## [Task brief]
Where the data below contains pictures, omit them; output the rest word for word.

## [Dataset extract]

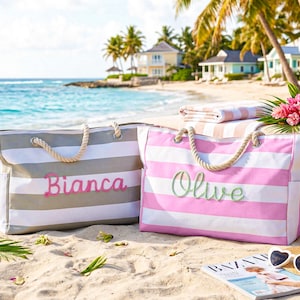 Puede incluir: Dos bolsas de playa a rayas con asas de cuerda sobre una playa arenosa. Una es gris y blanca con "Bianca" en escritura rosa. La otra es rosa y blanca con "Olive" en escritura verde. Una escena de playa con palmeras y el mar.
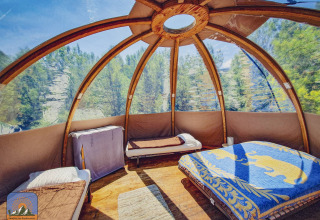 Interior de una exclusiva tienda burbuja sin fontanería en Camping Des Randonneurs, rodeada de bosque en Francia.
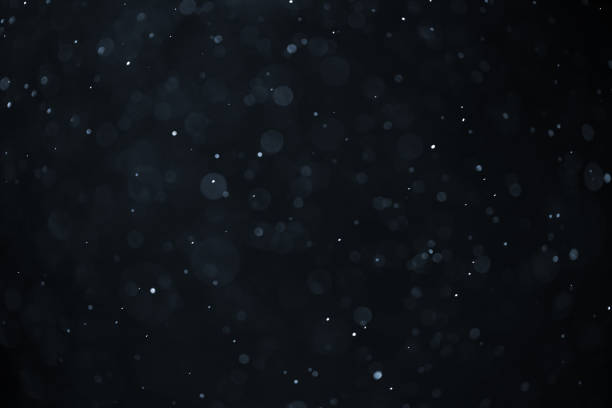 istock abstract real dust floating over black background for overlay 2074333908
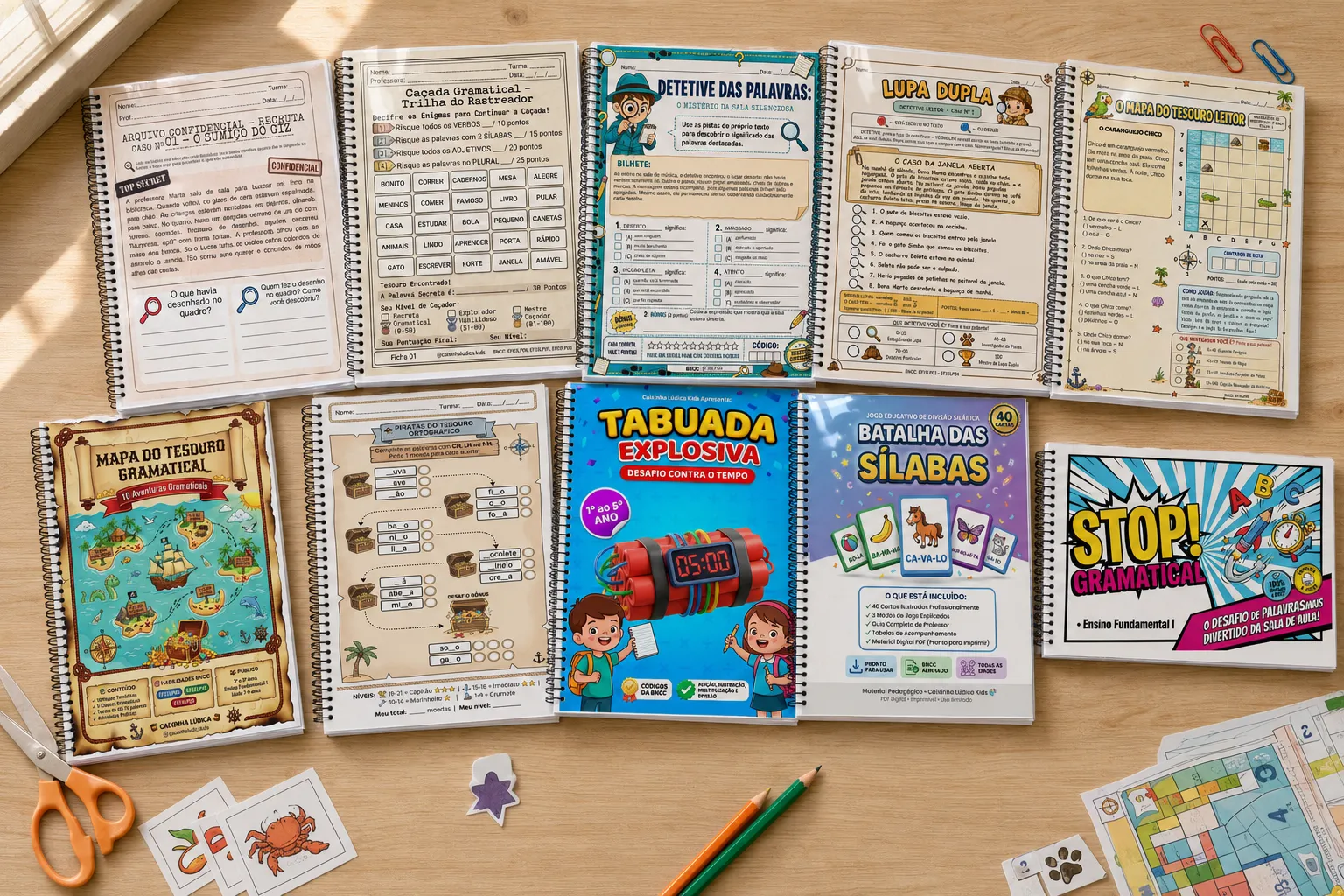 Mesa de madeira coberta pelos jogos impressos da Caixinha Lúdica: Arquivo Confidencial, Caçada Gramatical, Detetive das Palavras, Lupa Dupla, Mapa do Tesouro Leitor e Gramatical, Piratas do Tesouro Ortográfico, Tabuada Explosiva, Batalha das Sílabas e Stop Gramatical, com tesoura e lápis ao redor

## [Exercise solution]
 Puede incluir: Dos bolsas de playa a rayas con asas de cuerda sobre una playa arenosa. Una es gris y blanca con "Bianca" en escritura rosa. La otra es rosa y blanca con "Olive" en escritura verde. Una escena de playa con palmeras y el mar.
 Interior de una exclusiva tienda burbuja sin fontanería en Camping Des Randonneurs, rodeada de bosque en Francia.
 istock abstract real dust floating over black background for overlay 2074333908
 Mesa de madeira coberta pelos jogos impressos da Caixinha Lúdica: Arquivo Confidencial, Caçada Gramatical, Detetive das Palavras, Lupa Dupla, Mapa do Tesouro Leitor e Gramatical, Piratas do Tesouro Ortográfico, Tabuada Explosiva, Batalha das Sílabas e Stop Gramatical, com tesoura e lápis ao redor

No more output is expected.